Elaborado para salvaguardar a paz douradoura, ao longo dos anos Trinta, do século XX, os pontos mais severos do Tratado tornaram-se o cavalo de batalha de vários chanceleres alemães e do líder Nazi, Adolf Hilter (1889-1945). De facto, a austeridade do Tratado foi uma das várias razões para o crescimento do Nacional Socialismo e culminando numa das causas da Segunda Grande Guerra Mundial (1939-45).
Os Objectivos do Tratado
A Primeira Grande Guerra Mundial foi travada entre os eixos dos Poderes Centrais da Alemanha e do Império Austro-Húngaro (e seus aliados) e a Tríplice Entente – Inglaterra, França e Rússia (e aliados, incluindo a Itália e os Estados Unidos da América). A Alemanha e o Império Austro-Húngaro perderam a guerra e o armistício foi assinado a 11 de novembro de 1918. O lado vencedor, especialmente a Inglaterra e a França, procuraram impor termos de paz de forma a que a Alemanha, em especial, nunca mais pudesse ameaçar a paz na Europa. Os horrores da Primeira Grande Guerra com a morte de 7 milhões de pessoas e 21 milhões de feridos graves não poderiam voltar a ser repetidos, ao que se junta os elevados custos material, que de acordo com o historiador F. McDonough “o custo estimado da guerra é de 260,000 milhões de libras esterlinas” (pág. 43).
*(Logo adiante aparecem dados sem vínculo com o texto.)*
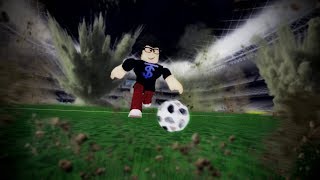 TPS Ultimate Soccer Trailer [upl. by Weinstock]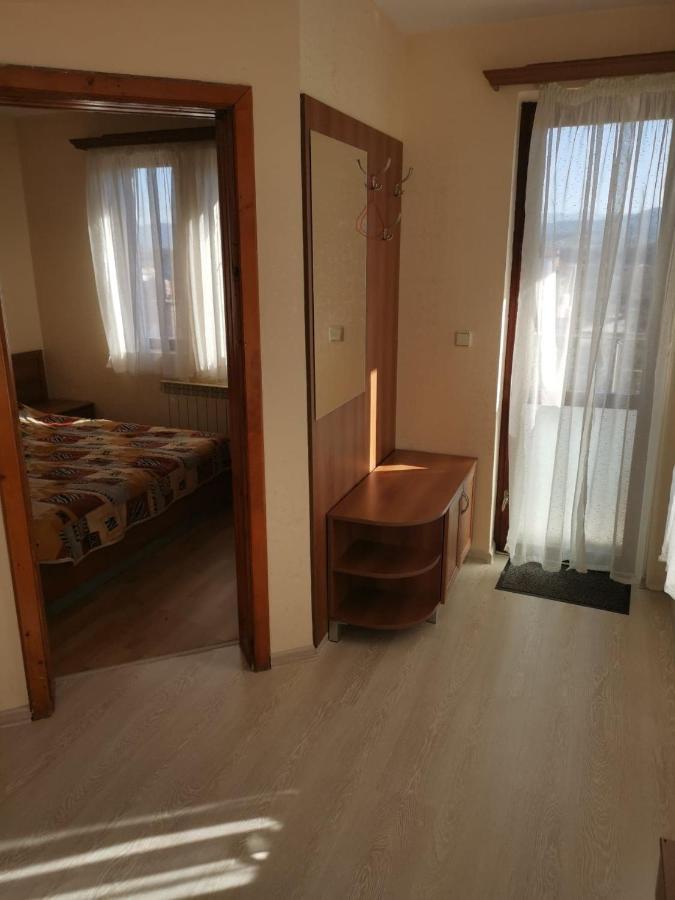 Medeia Spa Velingrad Bagian luar foto
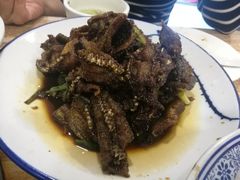 -兰边碗(鼓楼店)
Para começar, o lado vitorioso desejava o reconhecimento oficial da Alemanha como a causadora da Guerra, a seguir desejava ser directamente compensado pela Alemanha por parte do custo do material do conflito ao extraírem pesadas compensações económicas e redistribuindo parte do território e colónias alemãs. A indústria alemã manteve-se inalterada ao longo da guerra e a Tríplice Entente estava cautelosa com a sua capacidade de recuperação. De forma a assegurar que as forças armadas alemãs não se envolvessem numa guerra no futuro, foram impostas severas limitações às capacidades militares do país. O lado vitorioso não desejava destruir por completo a Alemanha, dado que era uma mais valia para o mercado de exportação, contudo, a maioria dos historiadores reconhece que os Aliados foram um pouco além do devido no que concerne às imposições, e, acabaram por empurrar a Alemanha para o caminho que estavam a evitar: uma nova guerra mundial. Os outros países do eixo perdedor: Áustria, Hungria, Bulgária e Turquia (Império Otomano) foram tratados caso a caso, com tratados igualmente controversos.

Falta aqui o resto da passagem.